The Nets lost 30% of its season ticket holders in 2022-23 after spiking prices without justification given how little fans watched KD and Kyrie, along with their publicly murky futures with the team.
There’s two things it would appear: Tsai has shown a need to have control and he’s shown an urgency in bringing in money versus spending. Still, the Nets profits have been elusive so much so that of all the NBA teams, its estimated valuation has grown the least over the last several four years, reports Sportico.
We’re talking about a very successful businessman in Tsai, but so far, he has failed since taking over the Nets. He, like Mikhail Prokhorov, expected instant gratification while having zero experience running an NBA team or being involved with one. Prokhorov had a five-year championship plan and finished with one playoff series win. Tsai is in his fifth season with one playoff series win, too.
The similarities are present but the management styles differ. Tsai has shown that he’s more hands-on, particularly public. His decisions re Kyrie Irving’s various shenanigans and before that in the controversy over Daryl Morey’s Hong Kong tweet prove that.
Present day, it’s his decision to make — and a big one at that. Build now or rebuild?

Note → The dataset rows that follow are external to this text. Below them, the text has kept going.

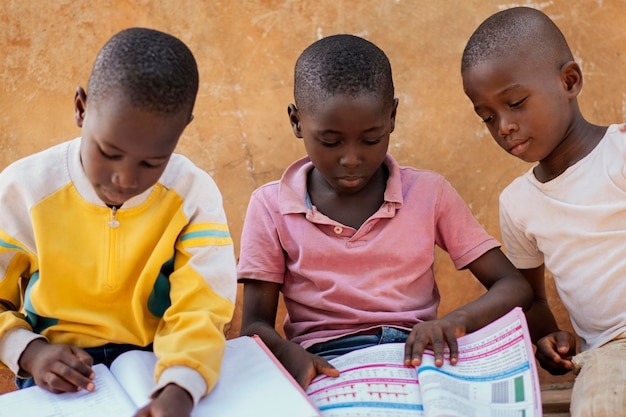 african kids reading together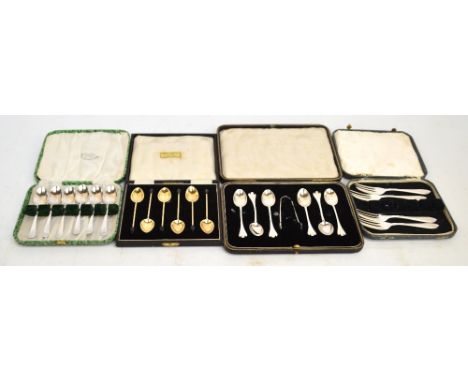 A set of six cased Elizabeth II hallmarked silver gilt coffee spoons with green guilloche enamel to the back of the bowls and
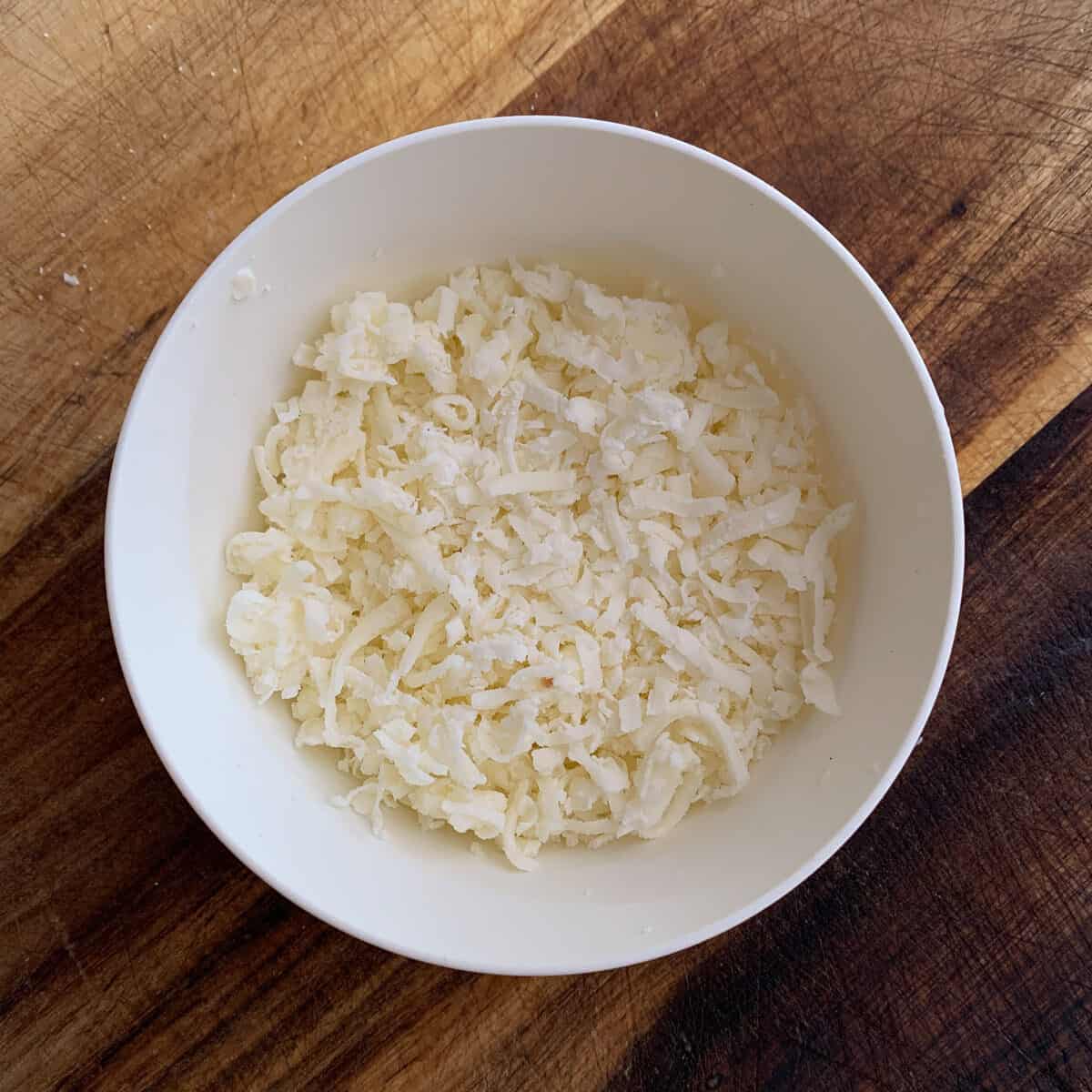 White bowl with shredded cheese on wooden background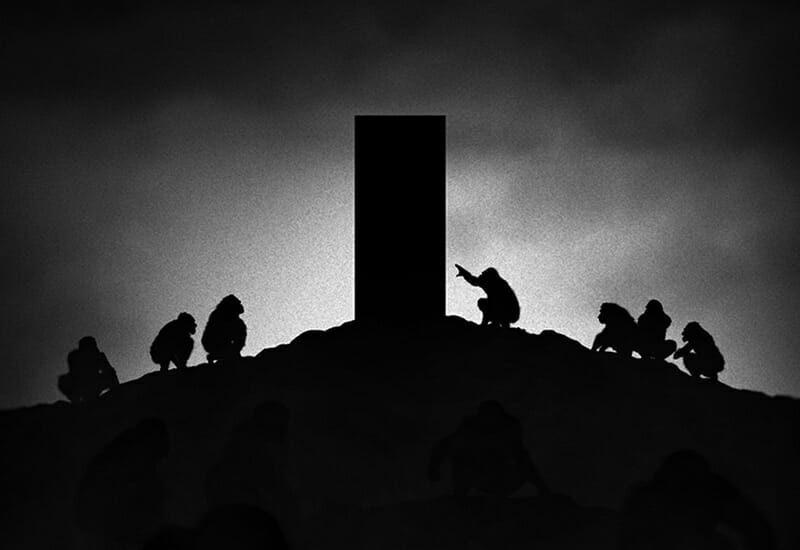 Silhouetted figures resembling apes gather around a tall, rectangular monolith on a hilltop, dramatically lit from behind, creating a mysterious and intense scene from the film.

It’s crucial to understand Tsai’s mentality, or at least what we think we know when it comes to how he views NBA stars.
Discussing the role artificial intelligence will play in digital entertainment at a conference in May 2023, Tsai said, “Believe me, I manage a basketball team and the players are very difficult to manage. If you’re in Hollywood, it’s very, very difficult to manage people.”
Two months later, ESPN’s Brian Windorst said that “Joe Tsai would rather have a team that plays hard that he’s proud to own that wins 40 games and fights for the play-in than have a team that has way more talent that he’s not proud to be a part of.”

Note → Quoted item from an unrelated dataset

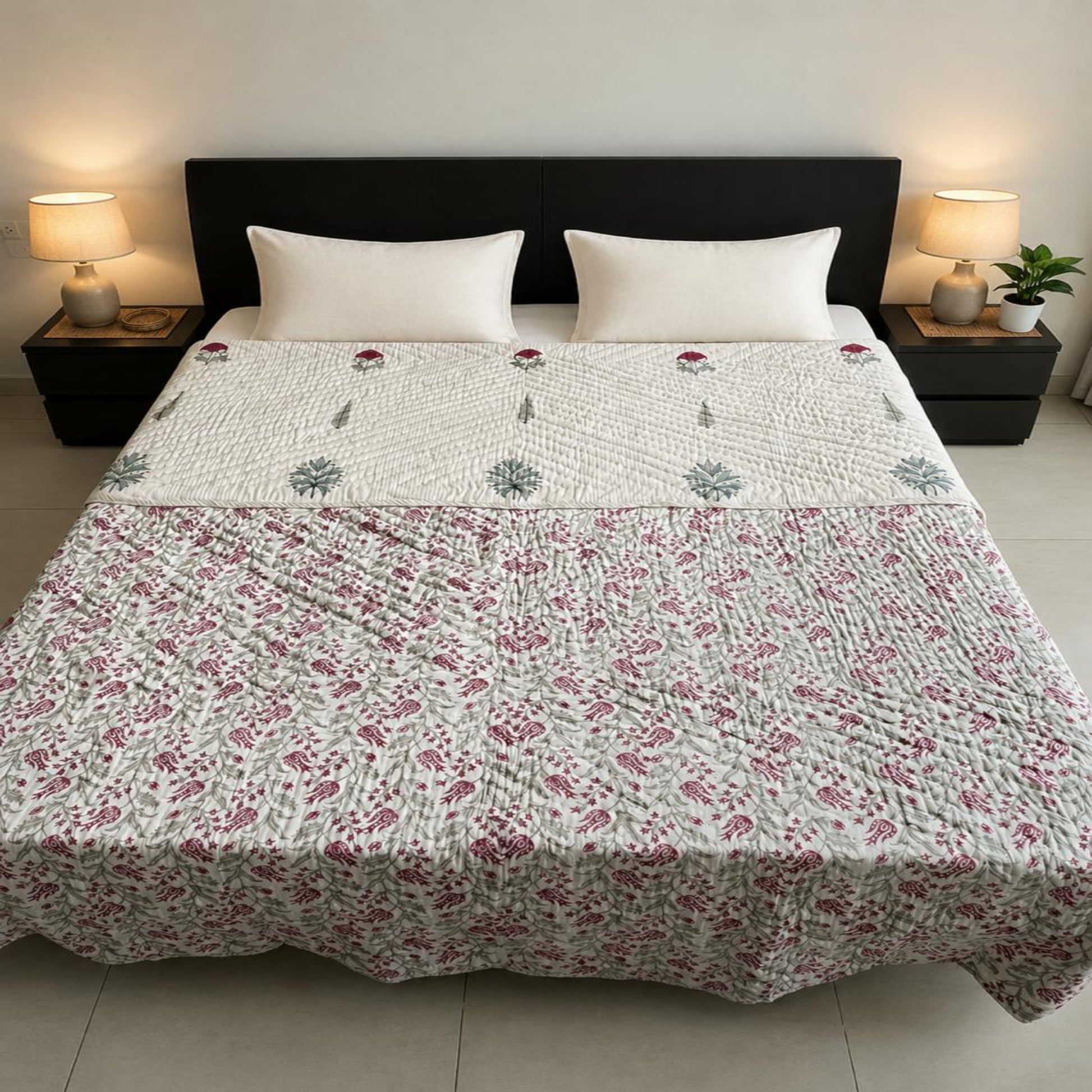 A beautiful floral pattern  and styled in a reversible layout, on a bed with two white pillows and a coffee brown headboard.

Was that an exaggeration? Well, maybe but that’s where we are today. And it ain’t fun.
We talk so much about a culture and how it starts at the top. This isn’t to say that Tsai hasn’t been dealt a weird hand because he has, whether it’s been Irving’s high profile antics or James Harden quitting on the court or US-China relations. His priorities, so we’ve seen, remain fasten on the fan’s dollar. That’s not to say other governing owners aren’t the same way, but when the big chance fails, the product stinks, and the vision going forward isn’t clear — the culture crumbles. Beyond that, the Nets brass do not seem to grasp how much the lost promise of the Big Three has effected the fan base.
A culture starts at the top and Tsai IS the top.
The team isn’t very good and they’re stuck in limbo. We know that. Injuries haven’t helped but it’s a part of the game. Firing another coach isn’t going to miraculously turn this around even if Jacque Vaughn hasn’t been perfect. There isn’t much allure to watch for one singular player either. It creates the perfect storm for frustration, confusion, and pessimism among the fanbase. Just as it was growing.
There’s more, because of course, there’s always more. Brian Lewis of the New York Post reported that the Nets entered this week averaging 43,000 total viewers per game on YES — down 34.85 percent from this point last season.
VII. Moving Forward...
We all act like we have the answers when we really don’t. That’s part of the fun and frustrations that come with liking a team/sport. That said, it’s time the Nets practice what they preach when it comes to culture, and it’d probably serve them right to stay humble and learn from mistakes the franchise has made in the past.
In order for them to accomplish such, they need to pick a direction… and fast. Just like when Marks sat in that seat for the first time in 2016.